Task objective:
Set the pictures aside and set down only the lines from the line holding "Women's Sleeveless Patterned Top" through the end of the entries below, ends included.

Data provided:

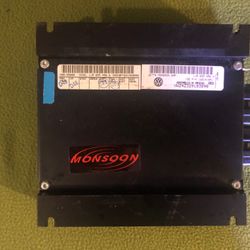 Volkswagen Jetta/Beetle/Golf/Passat  oem MONSOON  Amp Removed When Car Was About 2 Months Old  40$
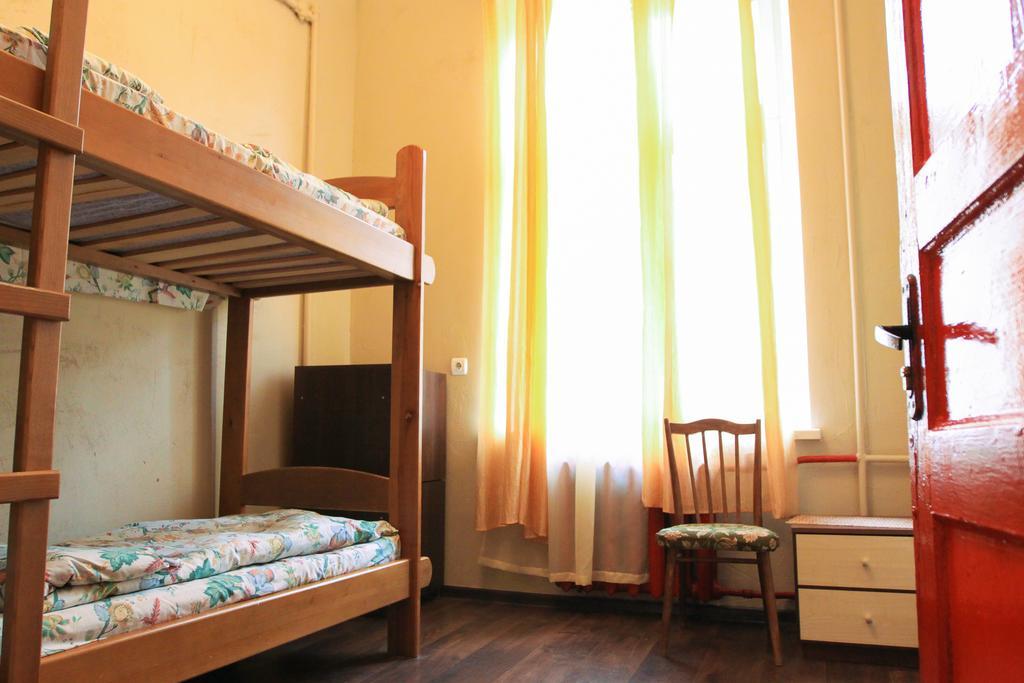 לבוב Hollywood Home Hostel חדר תמונה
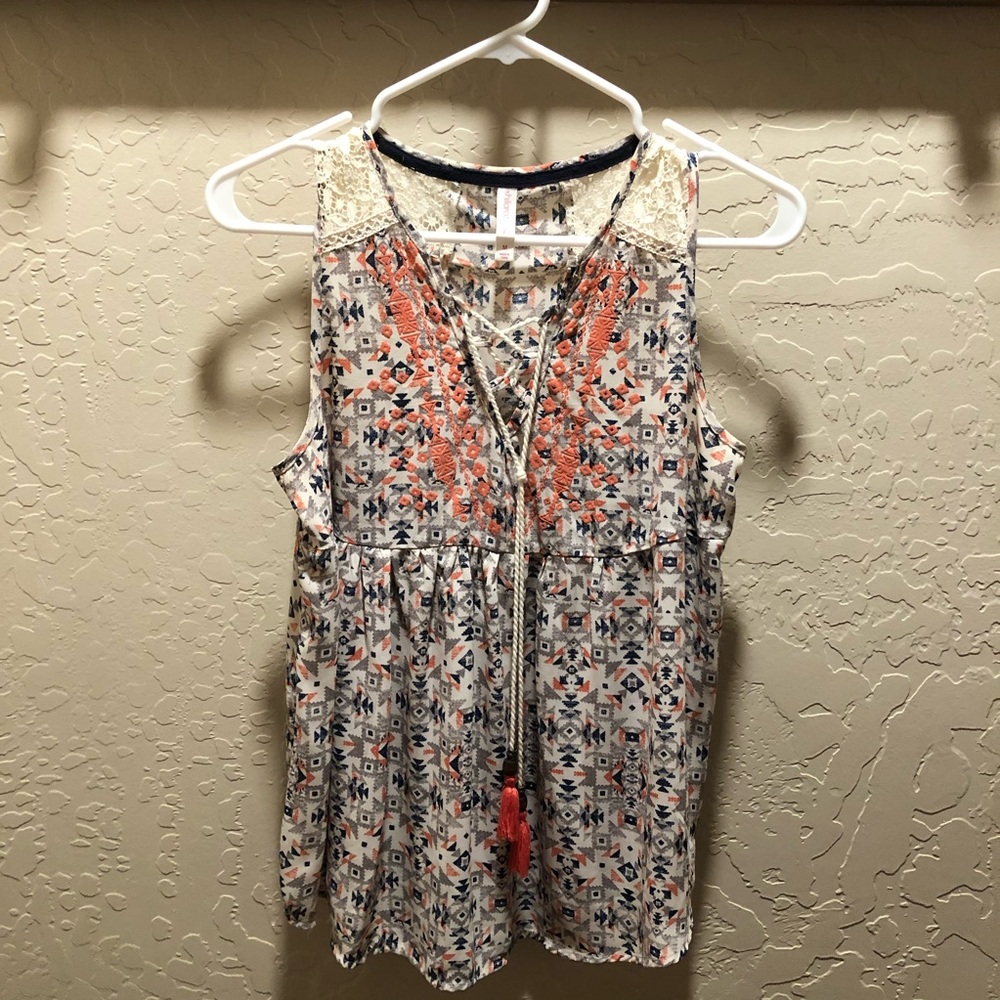 Women's Sleeveless Patterned Top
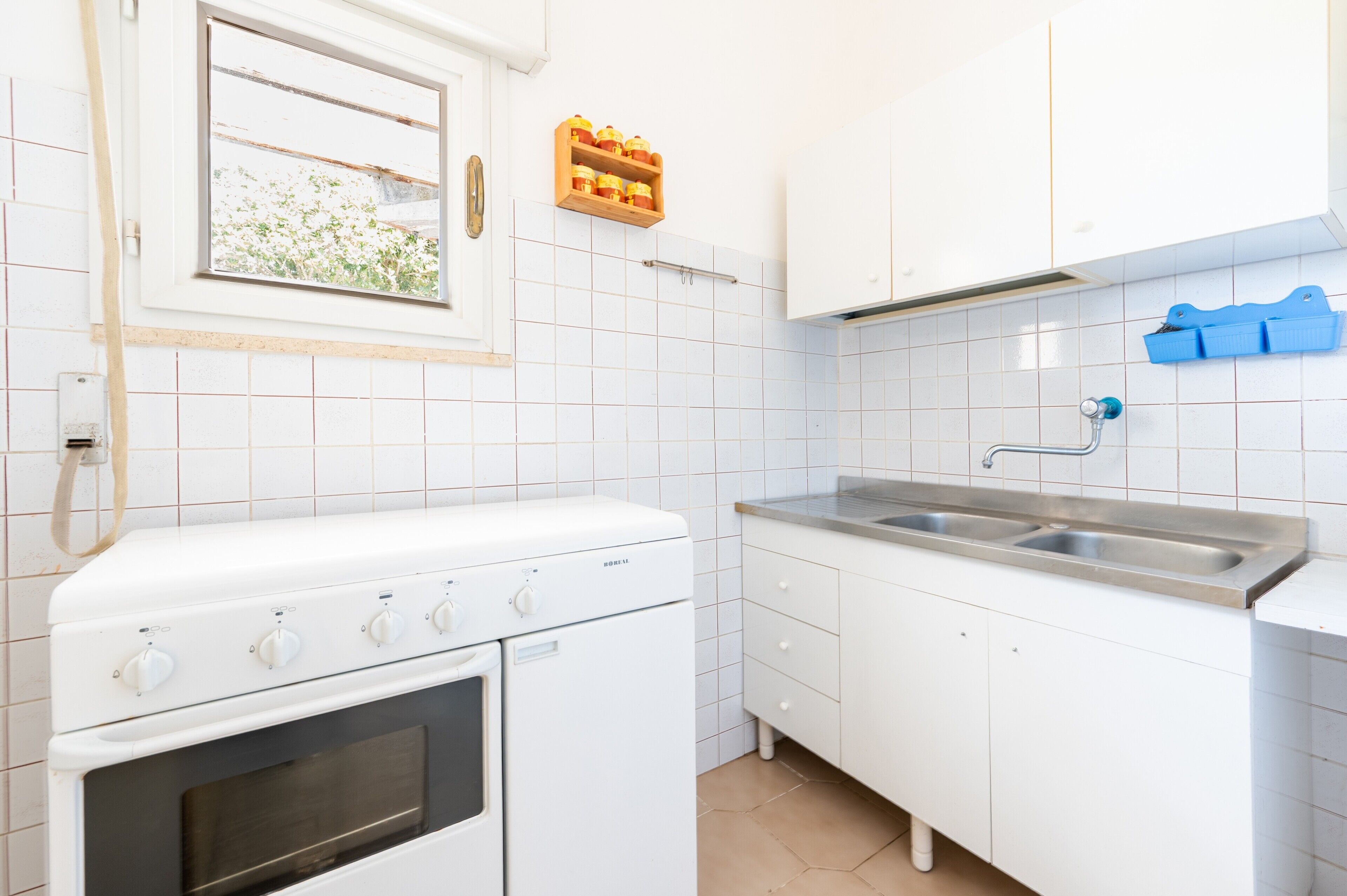 Kühlschrank, Ofen, Herdplatte, Kochgeschirr/Geschirr/Besteck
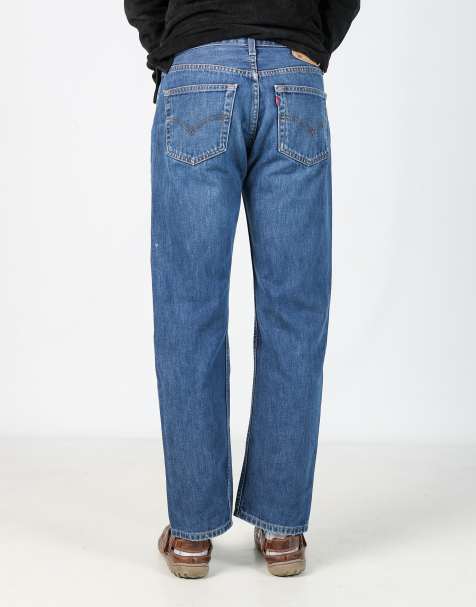 Vintage Levi's 501 32x32 denim jeans in blue - view 1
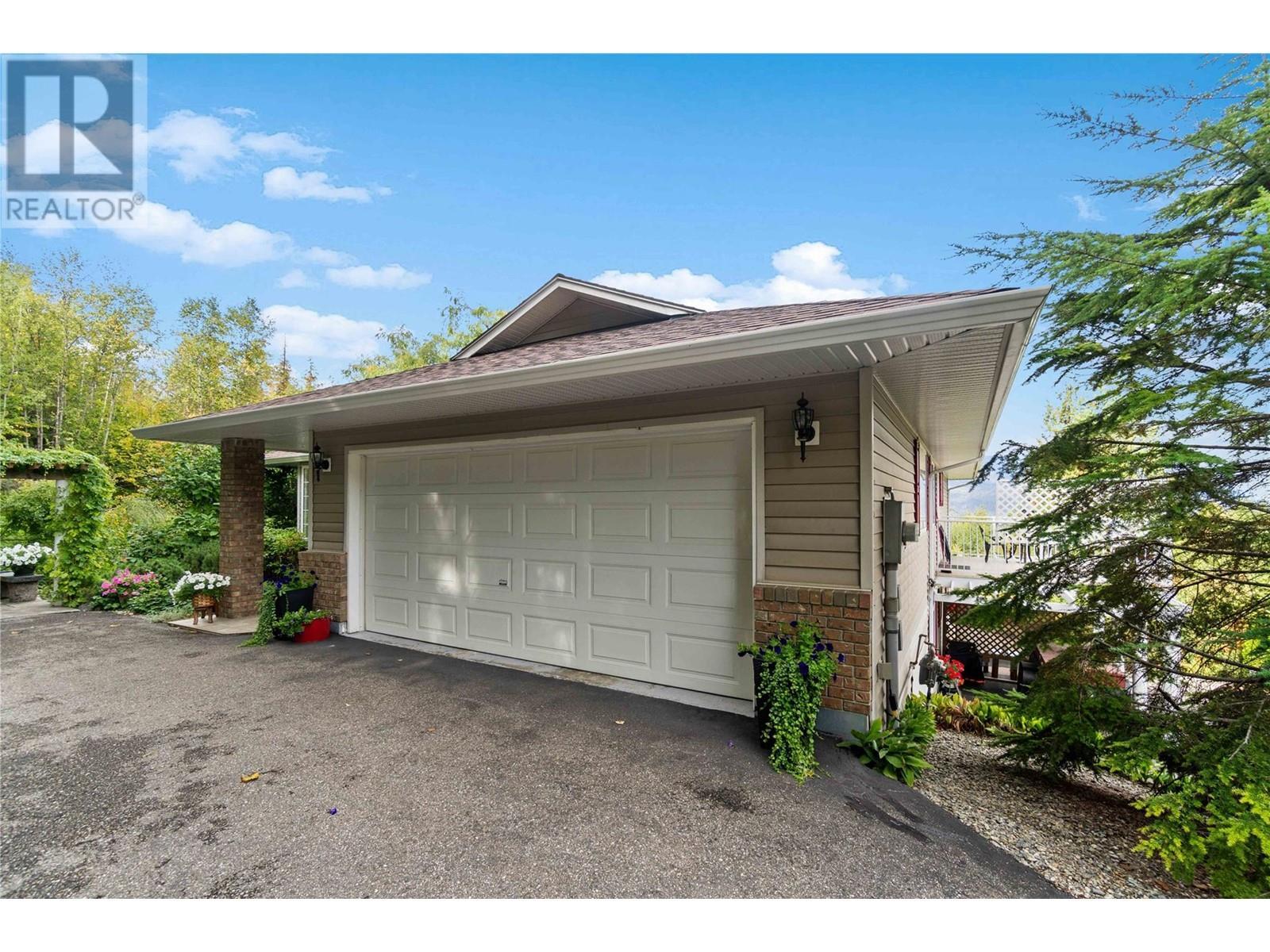 2847 Walsh Road. Sorrento, British Columbia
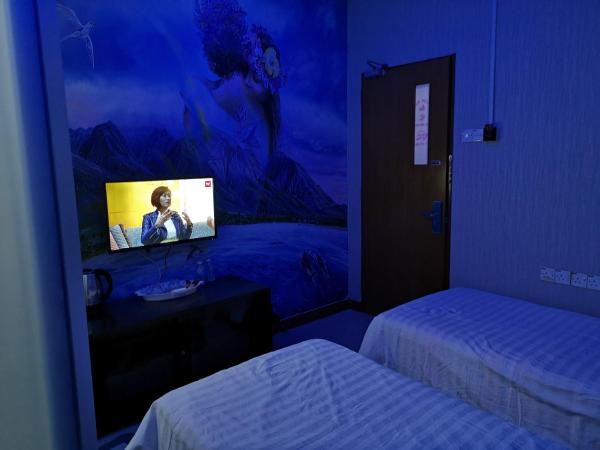 Home Inn Hotel : photo 3 de la chambre chambre lits jumeaux avec salle de bains privative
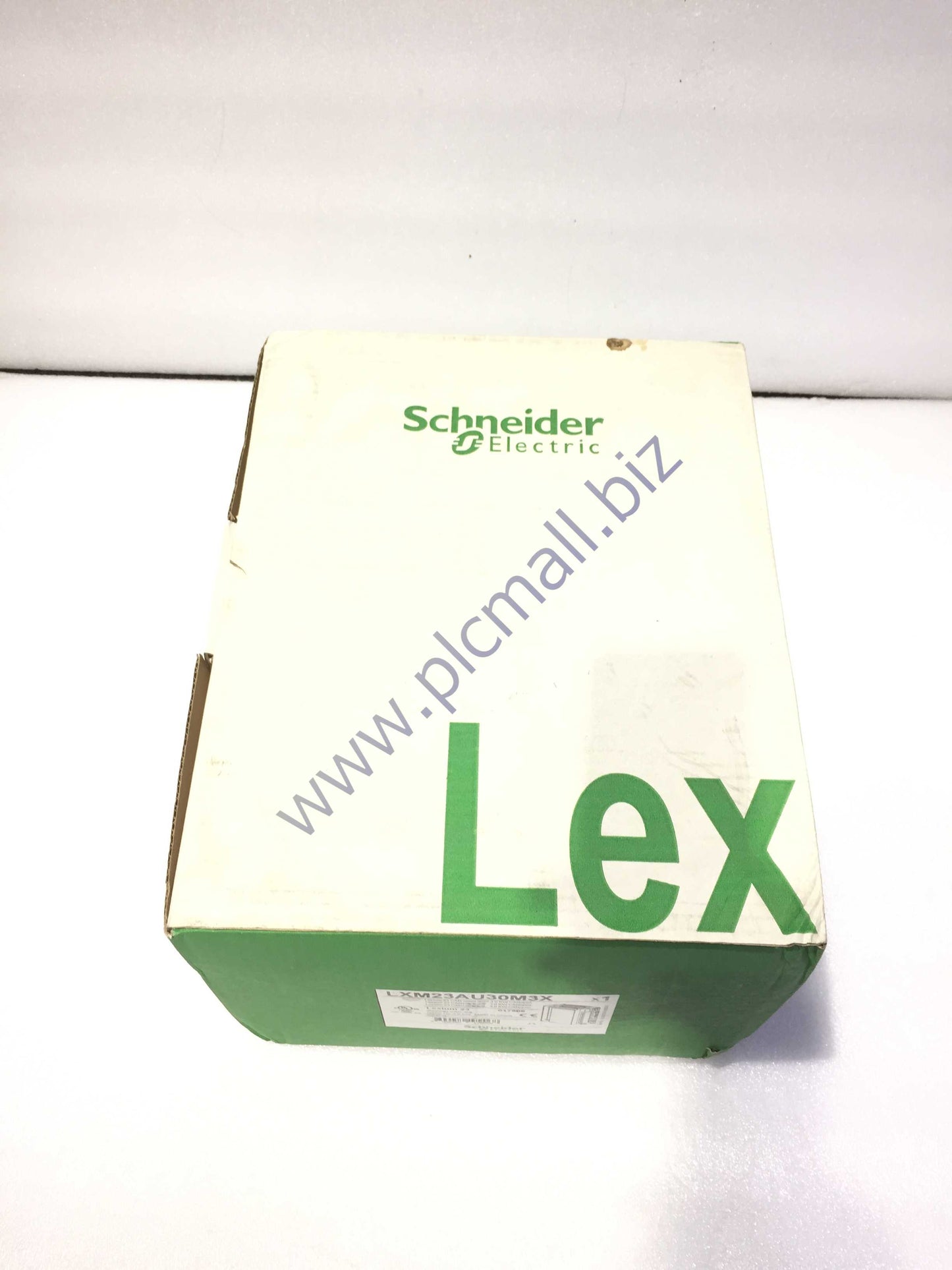 LXM23AU30M3X Schneider-Servo Drive NEW IN BOX Fast transportation
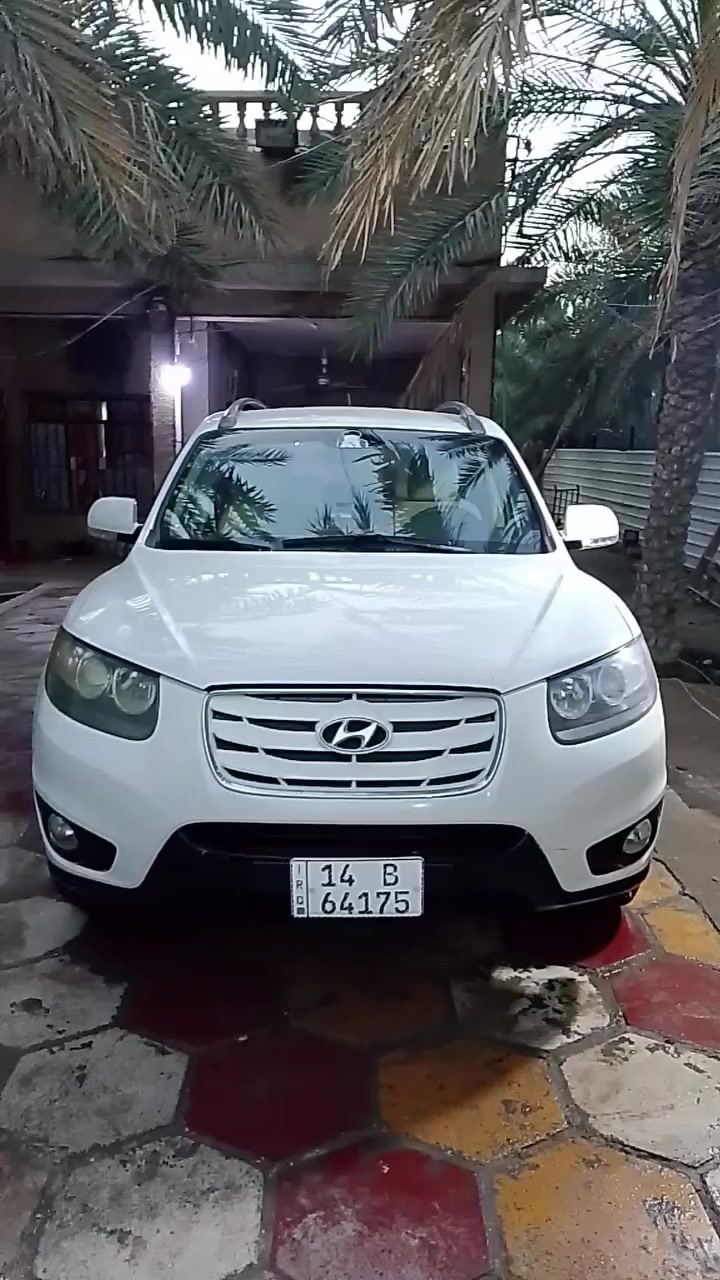 سلام عليكم سياره سنتافي للبيع موديل 2012 جاهزه من كلشي مكاني بصره ابو الخصيب وشراي يتصل ***********
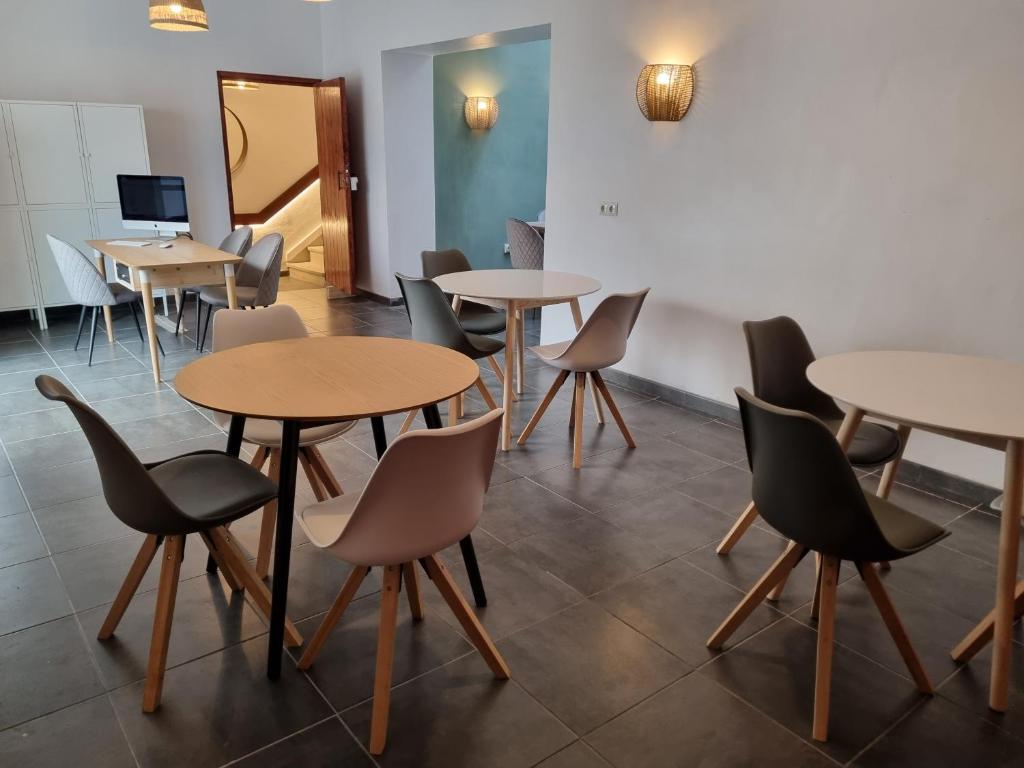 TV a/nebo společenská místnost v ubytování Compass House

Written answer:
 Women's Sleeveless Patterned Top
 Kühlschrank, Ofen, Herdplatte, Kochgeschirr/Geschirr/Besteck
 Vintage Levi's 501 32x32 denim jeans in blue - view 1
 2847 Walsh Road. Sorrento, British Columbia
 Home Inn Hotel : photo 3 de la chambre chambre lits jumeaux avec salle de bains privative
 LXM23AU30M3X Schneider-Servo Drive NEW IN BOX Fast transportation
 سلام عليكم سياره سنتافي للبيع موديل 2012 جاهزه من كلشي مكاني بصره ابو الخصيب وشراي يتصل ***********
 TV a/nebo společenská místnost v ubytování Compass House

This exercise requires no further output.